■ **PROMPT**
Each line below from the one containing "Spacious interior office" through the one containing "Be careful with" is to be given again exactly, and no line outside that span.
---------- EXERCISE MATERIALS
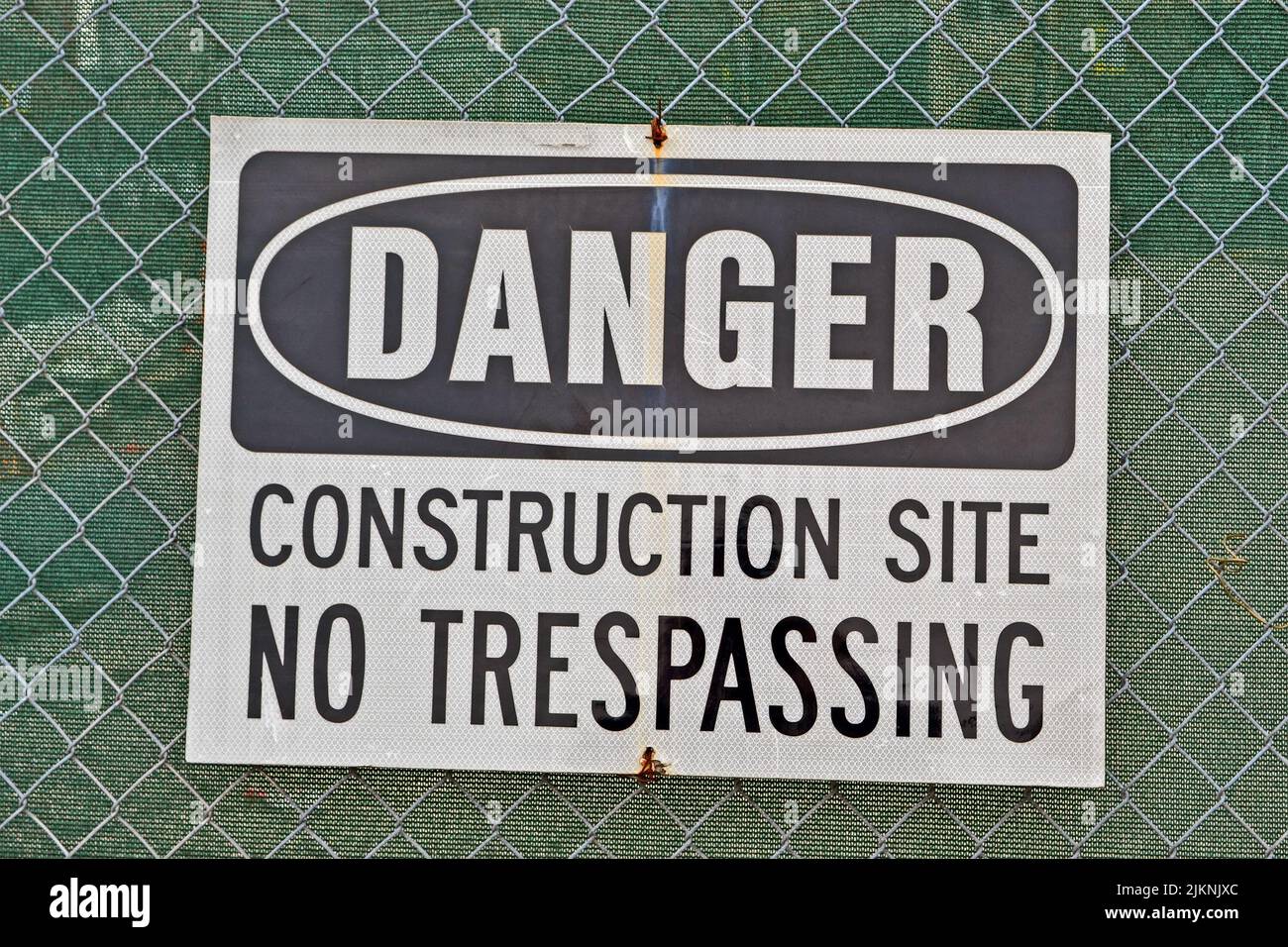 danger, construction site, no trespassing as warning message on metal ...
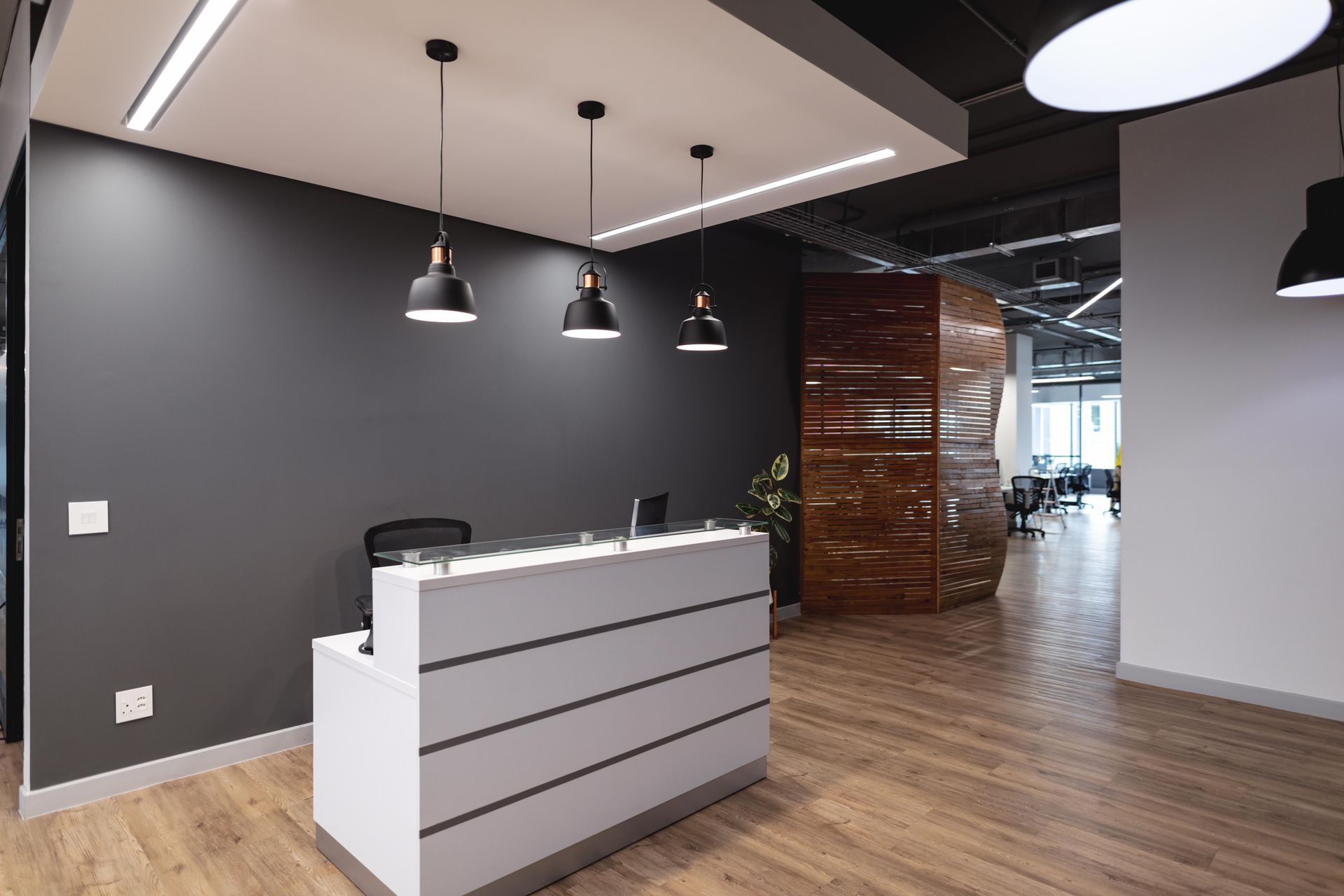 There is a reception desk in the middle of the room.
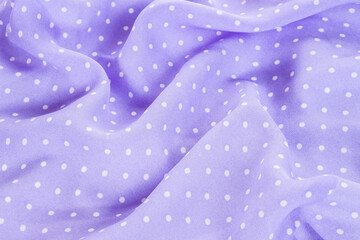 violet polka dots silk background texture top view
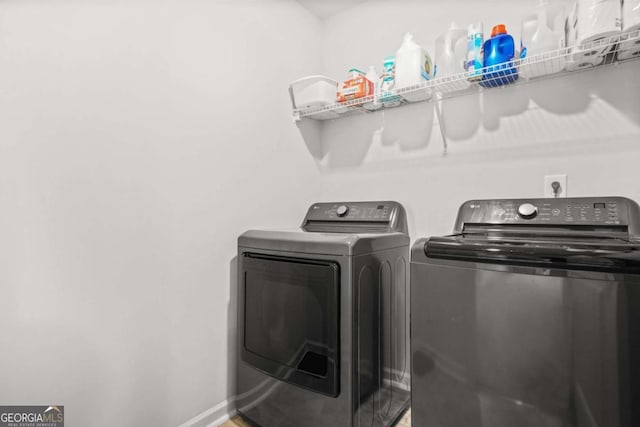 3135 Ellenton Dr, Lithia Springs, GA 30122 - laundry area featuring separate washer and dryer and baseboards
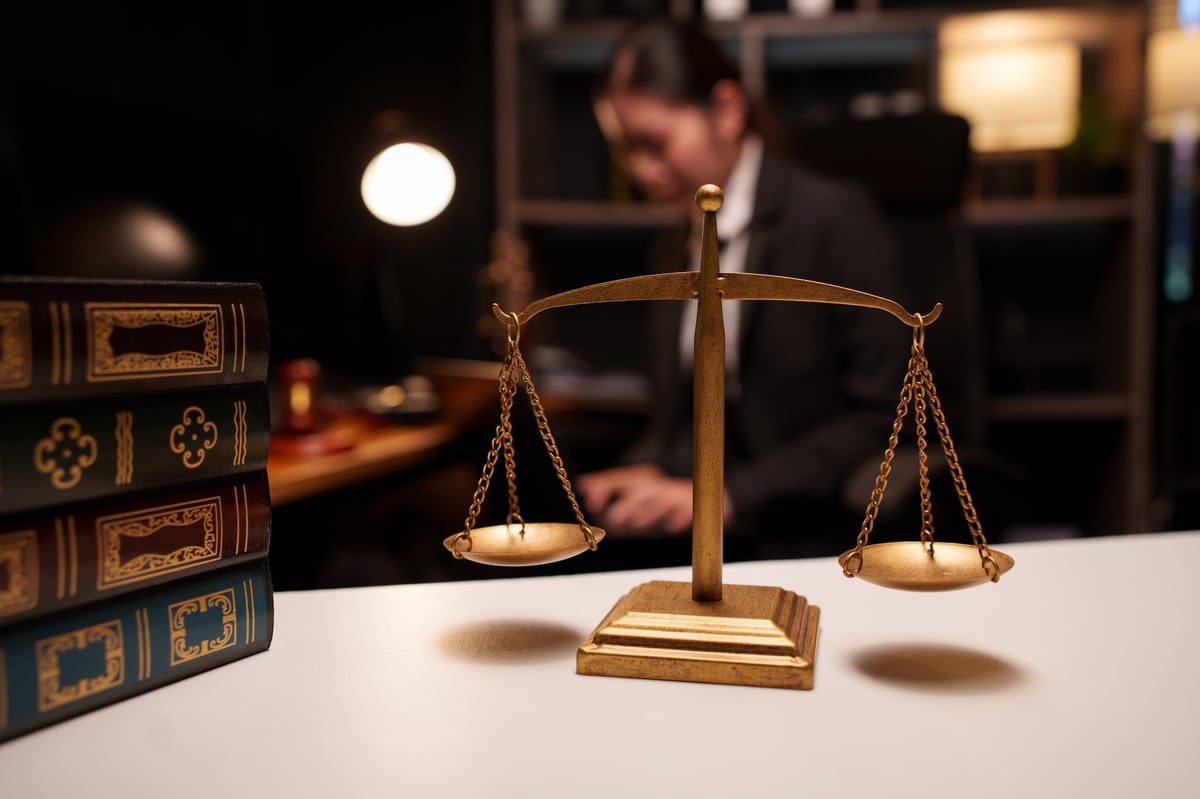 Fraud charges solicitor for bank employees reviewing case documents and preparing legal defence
--------------------
---------- EXERCISE MATERIALS
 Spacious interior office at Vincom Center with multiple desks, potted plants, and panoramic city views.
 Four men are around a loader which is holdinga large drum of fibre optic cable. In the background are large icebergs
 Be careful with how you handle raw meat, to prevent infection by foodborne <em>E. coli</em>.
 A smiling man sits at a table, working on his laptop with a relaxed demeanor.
--------------------
■ **RESULT OF THIS EXERCISE**
 Spacious interior office at Vincom Center with multiple desks, potted plants, and panoramic city views.
 Four men are around a loader which is holdinga large drum of fibre optic cable. In the background are large icebergs
 Be careful with how you handle raw meat, to prevent infection by foodborne <em>E. coli</em>.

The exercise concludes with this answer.